- **What this task involves**: Please write out the listing beneath this sentence exactly, from its first line to the line with "89 Clyde Road, Holgate NSW 2250", and stop there.

- **Supplied material**:
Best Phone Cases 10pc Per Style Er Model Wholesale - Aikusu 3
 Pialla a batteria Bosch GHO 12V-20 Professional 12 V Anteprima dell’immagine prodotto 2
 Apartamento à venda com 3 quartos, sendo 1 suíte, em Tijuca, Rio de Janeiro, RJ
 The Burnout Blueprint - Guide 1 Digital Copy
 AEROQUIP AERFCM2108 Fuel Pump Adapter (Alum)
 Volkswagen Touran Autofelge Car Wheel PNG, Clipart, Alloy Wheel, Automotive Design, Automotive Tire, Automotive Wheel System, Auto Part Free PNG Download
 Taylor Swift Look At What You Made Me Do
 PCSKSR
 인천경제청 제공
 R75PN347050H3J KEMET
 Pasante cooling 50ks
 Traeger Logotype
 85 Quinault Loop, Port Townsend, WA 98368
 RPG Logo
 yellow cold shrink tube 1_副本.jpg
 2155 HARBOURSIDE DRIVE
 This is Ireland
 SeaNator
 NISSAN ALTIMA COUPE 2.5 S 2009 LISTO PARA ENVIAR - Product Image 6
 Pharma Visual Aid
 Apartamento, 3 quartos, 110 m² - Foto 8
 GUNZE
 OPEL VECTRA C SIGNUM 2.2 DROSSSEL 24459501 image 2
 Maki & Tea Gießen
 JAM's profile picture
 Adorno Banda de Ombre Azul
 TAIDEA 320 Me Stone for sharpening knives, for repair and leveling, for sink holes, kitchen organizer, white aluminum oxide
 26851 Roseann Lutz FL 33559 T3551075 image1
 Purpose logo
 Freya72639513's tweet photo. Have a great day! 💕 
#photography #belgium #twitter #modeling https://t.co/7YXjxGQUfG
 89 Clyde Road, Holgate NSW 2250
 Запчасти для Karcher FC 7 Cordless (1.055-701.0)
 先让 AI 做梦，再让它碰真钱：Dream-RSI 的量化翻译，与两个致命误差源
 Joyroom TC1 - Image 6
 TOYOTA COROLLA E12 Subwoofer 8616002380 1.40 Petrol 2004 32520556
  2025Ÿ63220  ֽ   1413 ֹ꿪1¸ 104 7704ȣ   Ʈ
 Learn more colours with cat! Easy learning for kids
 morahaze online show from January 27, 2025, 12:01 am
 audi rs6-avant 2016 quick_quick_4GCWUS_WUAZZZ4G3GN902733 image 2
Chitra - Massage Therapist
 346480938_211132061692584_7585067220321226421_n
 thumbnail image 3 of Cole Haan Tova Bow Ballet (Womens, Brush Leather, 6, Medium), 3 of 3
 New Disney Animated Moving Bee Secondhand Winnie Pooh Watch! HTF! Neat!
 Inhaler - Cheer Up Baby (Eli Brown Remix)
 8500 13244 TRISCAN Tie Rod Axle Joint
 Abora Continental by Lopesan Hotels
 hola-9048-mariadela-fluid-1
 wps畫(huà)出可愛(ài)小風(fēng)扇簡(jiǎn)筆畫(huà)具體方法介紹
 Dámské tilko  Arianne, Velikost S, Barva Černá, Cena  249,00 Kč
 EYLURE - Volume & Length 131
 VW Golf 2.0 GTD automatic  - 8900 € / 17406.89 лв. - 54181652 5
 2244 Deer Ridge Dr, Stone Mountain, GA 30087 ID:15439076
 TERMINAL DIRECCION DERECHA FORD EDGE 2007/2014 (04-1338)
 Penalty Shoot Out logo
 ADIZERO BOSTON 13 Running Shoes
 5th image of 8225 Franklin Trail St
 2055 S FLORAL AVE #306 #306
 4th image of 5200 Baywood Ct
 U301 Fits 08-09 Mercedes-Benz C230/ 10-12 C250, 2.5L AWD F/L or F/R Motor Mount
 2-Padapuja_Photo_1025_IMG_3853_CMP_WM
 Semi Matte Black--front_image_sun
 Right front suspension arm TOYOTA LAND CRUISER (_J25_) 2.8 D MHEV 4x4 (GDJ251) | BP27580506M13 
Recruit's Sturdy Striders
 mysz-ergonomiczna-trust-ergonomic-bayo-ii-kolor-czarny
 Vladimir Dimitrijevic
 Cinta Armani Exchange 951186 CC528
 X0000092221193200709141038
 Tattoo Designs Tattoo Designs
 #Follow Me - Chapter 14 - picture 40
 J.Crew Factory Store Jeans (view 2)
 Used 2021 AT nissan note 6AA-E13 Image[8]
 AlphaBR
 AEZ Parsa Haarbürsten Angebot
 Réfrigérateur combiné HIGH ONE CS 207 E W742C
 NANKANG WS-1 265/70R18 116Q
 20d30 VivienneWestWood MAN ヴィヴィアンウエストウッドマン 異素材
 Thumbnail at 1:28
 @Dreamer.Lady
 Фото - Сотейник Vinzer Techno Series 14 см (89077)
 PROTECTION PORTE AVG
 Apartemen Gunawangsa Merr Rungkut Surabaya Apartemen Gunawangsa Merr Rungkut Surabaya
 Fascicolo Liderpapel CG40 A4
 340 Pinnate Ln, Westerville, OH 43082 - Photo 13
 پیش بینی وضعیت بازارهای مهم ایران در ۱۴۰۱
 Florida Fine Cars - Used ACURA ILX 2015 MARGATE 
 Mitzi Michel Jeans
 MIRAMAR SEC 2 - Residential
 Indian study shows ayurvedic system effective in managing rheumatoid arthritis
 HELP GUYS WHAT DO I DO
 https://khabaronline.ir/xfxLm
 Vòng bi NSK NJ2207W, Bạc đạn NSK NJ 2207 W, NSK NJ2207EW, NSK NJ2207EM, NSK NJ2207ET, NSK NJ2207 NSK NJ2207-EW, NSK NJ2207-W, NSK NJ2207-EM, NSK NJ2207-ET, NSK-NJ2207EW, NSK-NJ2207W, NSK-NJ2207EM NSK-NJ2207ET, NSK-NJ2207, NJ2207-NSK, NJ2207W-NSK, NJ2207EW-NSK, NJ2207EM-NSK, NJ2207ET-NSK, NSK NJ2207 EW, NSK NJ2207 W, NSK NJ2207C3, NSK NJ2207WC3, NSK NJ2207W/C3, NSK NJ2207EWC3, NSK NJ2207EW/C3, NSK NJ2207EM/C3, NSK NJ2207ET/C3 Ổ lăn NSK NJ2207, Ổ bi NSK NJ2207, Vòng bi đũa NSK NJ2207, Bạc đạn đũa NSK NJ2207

- **Result of the task**:
Best Phone Cases 10pc Per Style Er Model Wholesale - Aikusu 3
 Pialla a batteria Bosch GHO 12V-20 Professional 12 V Anteprima dell’immagine prodotto 2
 Apartamento à venda com 3 quartos, sendo 1 suíte, em Tijuca, Rio de Janeiro, RJ
 The Burnout Blueprint - Guide 1 Digital Copy
 AEROQUIP AERFCM2108 Fuel Pump Adapter (Alum)
 Volkswagen Touran Autofelge Car Wheel PNG, Clipart, Alloy Wheel, Automotive Design, Automotive Tire, Automotive Wheel System, Auto Part Free PNG Download
 Taylor Swift Look At What You Made Me Do
 PCSKSR
 인천경제청 제공
 R75PN347050H3J KEMET
 Pasante cooling 50ks
 Traeger Logotype
 85 Quinault Loop, Port Townsend, WA 98368
 RPG Logo
 yellow cold shrink tube 1_副本.jpg
 2155 HARBOURSIDE DRIVE
 This is Ireland
 SeaNator
 NISSAN ALTIMA COUPE 2.5 S 2009 LISTO PARA ENVIAR - Product Image 6
 Pharma Visual Aid
 Apartamento, 3 quartos, 110 m² - Foto 8
 GUNZE
 OPEL VECTRA C SIGNUM 2.2 DROSSSEL 24459501 image 2
 Maki & Tea Gießen
 JAM's profile picture
 Adorno Banda de Ombre Azul
 TAIDEA 320 Me Stone for sharpening knives, for repair and leveling, for sink holes, kitchen organizer, white aluminum oxide
 26851 Roseann Lutz FL 33559 T3551075 image1
 Purpose logo
 Freya72639513's tweet photo. Have a great day! 💕 
#photography #belgium #twitter #modeling https://t.co/7YXjxGQUfG
 89 Clyde Road, Holgate NSW 2250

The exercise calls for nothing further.